I was running it with the default settings. Seems like it felt a bottleneck with elasticsearch, and the Prometheus remote storage queue created too many shards/goroutines.
Today, I ran it with some settings:
Environment="ES_WORKERS=4"
Environment="ES_BATCH_COUNT=-1"
Environment="ES_BATCH_SIZE=-1"
Environment="ES_BATCH_INTERVAL=30"
Now there's no connections piling up. (closed by accident and re-opened)
What settings did you have when you experienced the issues?
Before:
ExecStart=/usr/local/bin/prometheus-es-adapter \
--es_url=https://myelastic:9200 \
--es_user=local_prometheus-adapter \
--listen 0.0.0.0:9201
I didn't modify the default values for:
ES_WORKERS | 0 | Number of batch workers
ES_BATCH_COUNT | 1000 | Max items for bulk Elasticsearch insert operation
ES_BATCH_SIZE | 4096 | Max size in bytes for bulk Elasticsearch insert operation
ES_BATCH_INTERVAL | 10 | Max period in seconds between bulk Elasticsearch insert operations
I think this is a case of "I should not rely on defaults in production" - user error.

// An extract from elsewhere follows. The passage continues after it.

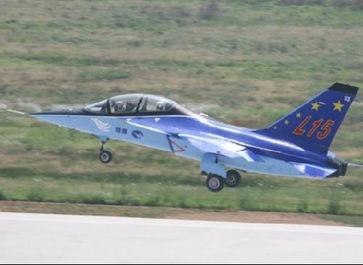 国产教练机大全视频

I don't believe we should write this off as user error. Not sure when I will get to them but a few thoughts:
I'll see about replicating the old bad settings and trace it to a line of code here.
@sevagh how did you get on?
Oops, never really revisited this. I promise on Monday I'll try to recreate.
On the other hand, with the production configuration, this adapter has been running without a crash since basically May. Really great work here.
Hello,
I'm running this adapter. Even with a high ulimit (131072), it seems to be leaking connections:
I'm trying to find out where this is occurring - perhaps in the Elastic client you use, perhaps in the http server in this adapter.
Have you seen any behavior like this?